Across the Universe - Poster

I love The Beatles. If people don't love God, I don't agree, but I can understand. If you don't love The Beatles, you can go to hell. And when I heard that Julie Taymor, the visually inventive mind behind The Lion King stage play and the film adaptation of Shakespeare's Titus Andronicus was going to make a musical set entirely to songs of The Beatles, I was as excited as a "blackbird singing in the dead of night." Did that last phrase seem forced? Did it seem like I took a line from a Beatles song and squeezed it into a half-baked narrative? Okay, now take the entire song, do it with about twenty more songs, stretch it out to over two hours and you have the clusterfuck that is Across the Universe.

There's not much story to speak of because the film is content to take characters (with names all based on Beatles songs) and squeeze them into whatever plot works best for the film. It's as if someone took their favorite Beatles songs (most of which you'd find on a Greatest Hits collection and a regettable lack of deeper cuts from their albums), wanted to make a movie using all of them, and when it came time to build the story, they just said "Fuck it, I'll get around to it later." They never did.
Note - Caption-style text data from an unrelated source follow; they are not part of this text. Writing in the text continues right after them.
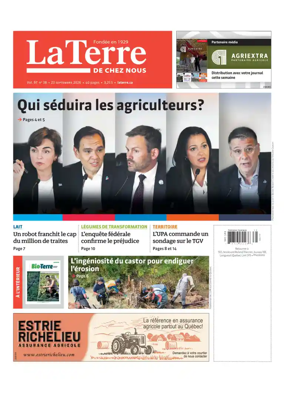 Cover of La Terre de chez nous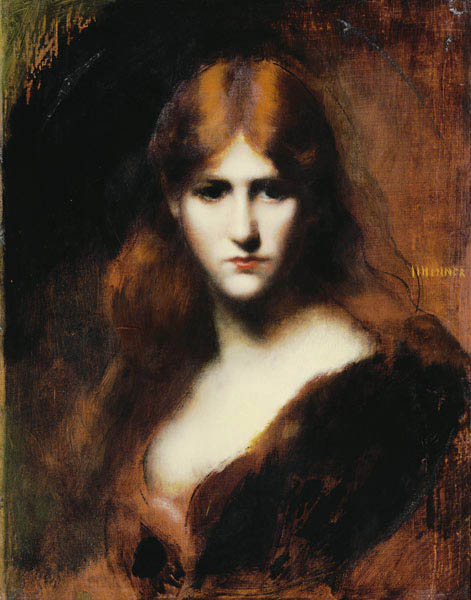 Portrait of a Woman from Jean-Jacques Henner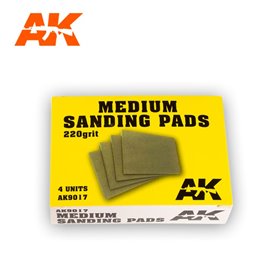 AK Intertive Medium Sanding Pads 220 grit.4units
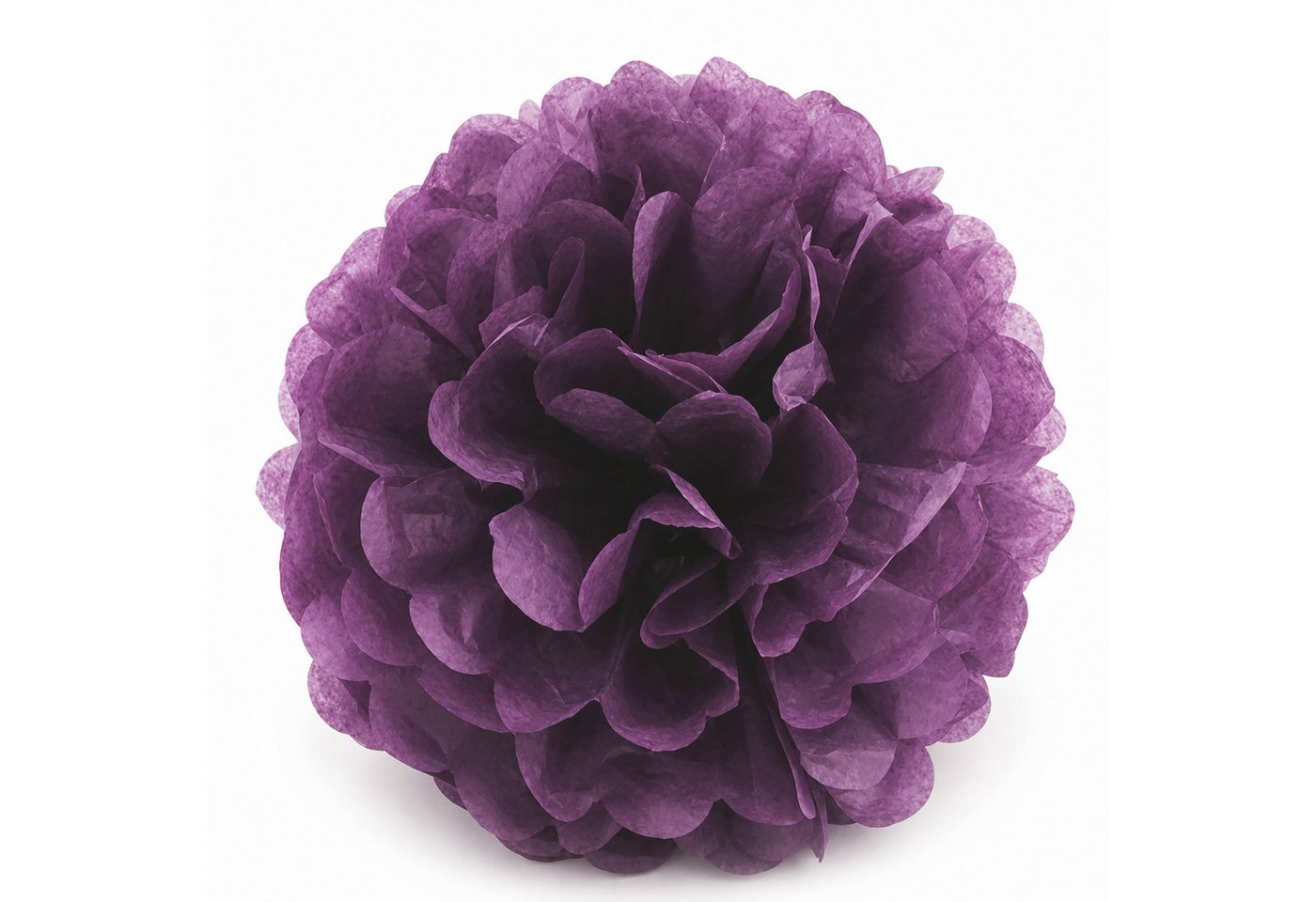 Creativery Pompon, Pompon 12cm Papier 1 Stück Lila Bild 5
There are no characters in Across the Universe but figures that at best make it to 1.5-dimensional. Jude is in love with Lucy who's becoming a more radical figure in the political climate of the 60s as her brother and Jude's best friend Max gets drafted to fight in Vietnam. Meanwhile, their landlady Sadie is trying to make it as a singer as she develops a relationship with her guitarist JoJo while ignoring the affections of the love-lorn lesbian Prudence. There is barely any character development or even any real emotion from these characters. And whenever there's a Beatles song, the script sticks more to the lyrics than to the spirit of the song. Only when the film breaks free of this lyrical prison and Taymor has the freedom to indulge her surreal artistry does the film truly come alive. When you're watching the scenes set to "I Want You (She's So Heavy)" or "Dear Prudence", there's magic happening on screen. Unfortunately, for every song where the film finally comes together (Right now. Over me.), you'll have to sit through four or five other songs where the character just sings to the camera because the story just barely gave them a reason to a sing a particular song.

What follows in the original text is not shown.